MOSCOW (MRC) -- Ineos confirmed that it has completed successful operational trials on the second manufacturing unit (Train 2) of its enormous gas cracker at Grangemouth, Scotland, eight years after being mothballed, reported GV.
Train 2 has undergone rigorous recommissioning trials to prepare for the arrival of US shale gas ethane. The first deliveries of US shale gas are expected to arrive by ship at Grangemouth in the autumn.
In 2008, the KG ethylene cracker was unable to operate at full capacity and Ineos was left with no option but to close the second manufacturing unit.
The US ethane will be used as a supplementary feed for the KG ethylene plant at a time when North Sea supplies are dwindling and will allow the plant to run at increased rates.
According to Gordon Milne, Ineos Grangemouth Operations Director, "We are one of the few businesses in Scotland investing and growing our business on such a scale as this. With the successful completion of the Train 2 trial we are now in great shape to receive shale gas from the US and to finally run the Grangemouth plant at full rates."
"All the parts of the jigsaw are finally coming together and Grangemouth will soon be back in the premier league of European petrochemical plants. INEOS is one of very few companies with the imagination and skill to vision and deliver a project of this size and complexity."
John McNally, CEO Ineos Grangemouth says, "Bringing the site back into profitability is the best way to secure our future here in Scotland. We know that ethane from US shale gas has transformed US manufacturing and we are now a step closer to seeing this advantage being brought to here to Grangemouth."
We remind that, as MRC informed before, on 23 March 2016, Ineos received its first US shale gas shipment into Rafnes, Norway. Ineos said this is the first US shale gas shipped to Europe represents the culmination of a long-term investment by Ineos.

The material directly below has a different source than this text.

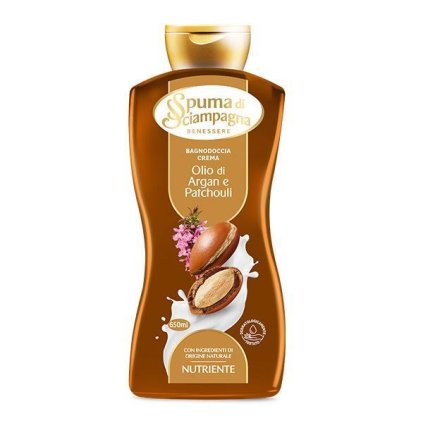 Spuma argan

INEOS Group Limited is a privately owned multinational chemicals company consisting of 15 standalone business units, headquartered in Rolle, Switzerland and with its registered office in Lyndhurst, United Kingdom. It is the fourth largest chemicals company in the world measured by revenues (after BASF, Dow Chemical and LyondellBasell) and the largest privately owned company in the United Kingdom.